I certainly did not mean to endorse diet and exercise as a means to grow closer to God. If anything, I see my gluttony as one example of how I've been short on discipline my entire life. This is not about my will, but about my heart's sinful intent to indulge when I should be fasting -- in the spirit. It's a metaphor for the reality of my often straying heart, cheating on God with desire for the things of this world. Being overweight by itself doesn't mean anything spiritually.
Brian Colmery responded on his own blog by noting how he would like to establish patterns of discipline in his life at a young age. I wish I had this kind of foresight at 25.
This New Years millions of empty resolutions will be made to better oneself, often in the midst of recovery from a night of hedonistic indulgence. I don't know if this is a statement about the wayward attitudes of America or the fact we have so much of the pleasurable things of the world to entice us.
One thing I know is God does not want our empty promises, nor does He want us to better ourselves in vacuous methods. We can beat our flesh all we want, but if God does not have our hearts it is all vanity. When we try to obtain Godliness on our own will, we are fighting against the singular message of the Gospel: We cannot make the first step towards Godliness on our own.
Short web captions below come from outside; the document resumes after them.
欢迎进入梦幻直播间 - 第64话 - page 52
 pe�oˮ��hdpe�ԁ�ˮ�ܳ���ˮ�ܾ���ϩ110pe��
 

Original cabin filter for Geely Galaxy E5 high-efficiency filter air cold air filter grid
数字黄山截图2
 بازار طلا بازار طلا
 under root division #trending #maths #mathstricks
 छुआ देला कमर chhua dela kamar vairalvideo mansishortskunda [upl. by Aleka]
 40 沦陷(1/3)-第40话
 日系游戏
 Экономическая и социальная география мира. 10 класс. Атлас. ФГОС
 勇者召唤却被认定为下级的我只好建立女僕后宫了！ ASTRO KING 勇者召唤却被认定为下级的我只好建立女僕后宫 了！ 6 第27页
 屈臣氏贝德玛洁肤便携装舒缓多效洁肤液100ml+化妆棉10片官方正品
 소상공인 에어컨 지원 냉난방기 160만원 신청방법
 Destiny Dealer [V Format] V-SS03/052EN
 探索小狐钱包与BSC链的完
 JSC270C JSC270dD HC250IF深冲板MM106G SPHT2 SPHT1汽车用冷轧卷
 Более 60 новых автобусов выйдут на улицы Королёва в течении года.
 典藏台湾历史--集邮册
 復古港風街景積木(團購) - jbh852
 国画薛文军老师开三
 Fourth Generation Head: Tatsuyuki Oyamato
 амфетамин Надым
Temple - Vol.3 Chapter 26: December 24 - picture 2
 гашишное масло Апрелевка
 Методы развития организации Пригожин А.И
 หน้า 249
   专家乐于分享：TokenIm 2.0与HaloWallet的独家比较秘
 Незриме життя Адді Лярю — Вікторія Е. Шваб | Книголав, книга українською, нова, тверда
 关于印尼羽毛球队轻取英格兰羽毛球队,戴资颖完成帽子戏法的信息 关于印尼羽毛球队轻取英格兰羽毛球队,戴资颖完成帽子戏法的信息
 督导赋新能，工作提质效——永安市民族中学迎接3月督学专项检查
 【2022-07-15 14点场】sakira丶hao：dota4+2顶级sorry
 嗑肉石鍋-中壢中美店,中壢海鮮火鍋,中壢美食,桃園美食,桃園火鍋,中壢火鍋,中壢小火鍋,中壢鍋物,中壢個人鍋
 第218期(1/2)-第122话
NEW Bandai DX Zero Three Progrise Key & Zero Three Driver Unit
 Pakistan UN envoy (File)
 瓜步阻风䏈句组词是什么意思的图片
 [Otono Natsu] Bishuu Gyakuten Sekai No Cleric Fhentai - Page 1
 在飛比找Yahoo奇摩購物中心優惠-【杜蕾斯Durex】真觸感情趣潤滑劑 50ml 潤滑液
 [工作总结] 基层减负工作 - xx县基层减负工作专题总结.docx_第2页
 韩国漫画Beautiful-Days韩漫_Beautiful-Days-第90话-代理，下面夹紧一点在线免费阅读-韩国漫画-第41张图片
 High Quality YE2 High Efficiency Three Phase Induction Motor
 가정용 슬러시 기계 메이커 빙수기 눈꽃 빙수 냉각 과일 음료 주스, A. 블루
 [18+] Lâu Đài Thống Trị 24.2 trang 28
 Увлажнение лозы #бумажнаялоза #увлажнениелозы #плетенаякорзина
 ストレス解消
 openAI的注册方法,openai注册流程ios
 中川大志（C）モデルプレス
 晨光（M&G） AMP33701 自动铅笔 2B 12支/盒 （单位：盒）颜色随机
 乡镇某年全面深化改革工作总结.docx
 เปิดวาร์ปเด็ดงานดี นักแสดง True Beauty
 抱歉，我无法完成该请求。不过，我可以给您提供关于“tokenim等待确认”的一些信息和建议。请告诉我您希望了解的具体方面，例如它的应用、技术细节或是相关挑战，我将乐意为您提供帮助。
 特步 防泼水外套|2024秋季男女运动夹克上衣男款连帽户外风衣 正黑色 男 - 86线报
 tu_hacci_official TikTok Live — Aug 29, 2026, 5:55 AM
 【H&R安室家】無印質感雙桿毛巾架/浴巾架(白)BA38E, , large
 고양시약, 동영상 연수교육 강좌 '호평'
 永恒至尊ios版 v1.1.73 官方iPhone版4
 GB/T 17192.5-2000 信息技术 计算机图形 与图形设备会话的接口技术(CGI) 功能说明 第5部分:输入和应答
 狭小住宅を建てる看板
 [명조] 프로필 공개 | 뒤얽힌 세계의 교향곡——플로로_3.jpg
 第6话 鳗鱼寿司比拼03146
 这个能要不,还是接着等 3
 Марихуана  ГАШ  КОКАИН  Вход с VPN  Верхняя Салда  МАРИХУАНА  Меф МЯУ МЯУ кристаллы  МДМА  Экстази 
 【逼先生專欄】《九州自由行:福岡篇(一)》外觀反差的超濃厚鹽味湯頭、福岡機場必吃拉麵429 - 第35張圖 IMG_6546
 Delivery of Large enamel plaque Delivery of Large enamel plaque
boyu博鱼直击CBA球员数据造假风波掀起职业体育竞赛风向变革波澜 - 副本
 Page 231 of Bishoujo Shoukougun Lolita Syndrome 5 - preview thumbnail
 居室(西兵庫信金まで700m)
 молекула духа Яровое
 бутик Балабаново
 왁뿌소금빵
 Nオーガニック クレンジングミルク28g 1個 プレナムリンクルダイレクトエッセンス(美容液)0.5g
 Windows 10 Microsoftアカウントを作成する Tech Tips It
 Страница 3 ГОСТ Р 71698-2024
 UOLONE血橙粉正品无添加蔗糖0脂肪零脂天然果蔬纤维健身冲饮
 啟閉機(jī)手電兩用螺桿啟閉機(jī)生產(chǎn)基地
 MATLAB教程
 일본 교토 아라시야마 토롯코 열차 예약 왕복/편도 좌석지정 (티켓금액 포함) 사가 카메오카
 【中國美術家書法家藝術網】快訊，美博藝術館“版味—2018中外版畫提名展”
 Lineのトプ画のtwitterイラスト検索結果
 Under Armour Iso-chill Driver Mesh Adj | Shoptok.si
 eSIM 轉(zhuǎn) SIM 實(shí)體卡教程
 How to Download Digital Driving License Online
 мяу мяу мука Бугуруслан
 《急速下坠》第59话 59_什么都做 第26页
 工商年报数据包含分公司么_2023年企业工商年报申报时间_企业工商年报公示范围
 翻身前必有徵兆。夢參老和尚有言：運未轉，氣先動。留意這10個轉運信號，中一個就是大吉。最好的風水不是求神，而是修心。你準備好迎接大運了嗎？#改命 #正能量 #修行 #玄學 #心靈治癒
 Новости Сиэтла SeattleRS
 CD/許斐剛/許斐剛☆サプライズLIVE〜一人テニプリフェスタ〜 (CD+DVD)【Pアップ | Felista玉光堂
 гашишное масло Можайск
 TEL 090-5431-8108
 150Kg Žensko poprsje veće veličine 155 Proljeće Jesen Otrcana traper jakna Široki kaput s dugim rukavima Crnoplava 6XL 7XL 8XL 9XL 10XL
However, God's commandment to obey did not fade away with Christ's victory over death. It is still better to obey in good conscience, though ultimately only Christ's sacrifice is our sanctification.
It is a paradox that has confounded men for 2000 years. Worse, hyperfocusing on obedience on one side and grace on the other has had the Church out of balance the majority of this Church Age.
When I think of examples of true obedience in the Bible, they span across all generations, and there is one simple theme: A genuine love of God. God calls, His people hear His voice, and they show up. It is simply responding to God's call.
Showing up, as the wisdom of Woody Allen declares, is 88 percent of life. In God's Kingdom, showing up is 100 percent of life. This is pretty much all God requires of us, particularly in this Church Age where we have the revealed Christ and a path of grace to heaven.
When I think of my own disobedience, I think of my daily faults of not showing up: not showing up for prayer, not showing up to read or hear His word, not showing up (with a heart of thankfulness) every time God's providence leads me to His waters, not showing up when God has work for me to do.
I do not think of my disobedience in terms of my fleshly sin, because the sin of my flesh is a merely reflection of what's already going on in my heart. Fleshly sin should come as no surprise to me because my heart has already decided not to show up at the feet of God when I awake in the morning.
But freedom from fleshly sin is easy to come by. The Spirit convicts me and turns my heart repentant. The bigger problem is the closed eyes of my heart, that darkness that has lurked in me since I took my first breath in this world.
So here we begin to see a better picture of my spiritual immaturity, which is an element of taking license with God's grace. Grace is my only path to heaven, but if my heart is not intent on obeying His commands, I am dishonoring Christ's sacrifice.
There is no easy path to Godly obedience, because nothing of God's nature is natural to man. Sometimes we might imitate it, but the kind of obedience God requires comes first from a heart that longs for God's perfect rule in our lives, that daily kneeling at the foot of the throne declaring He is the Lord of our lives. It is the difference between taking what God has given us freely and giving to God because we desire to please Him.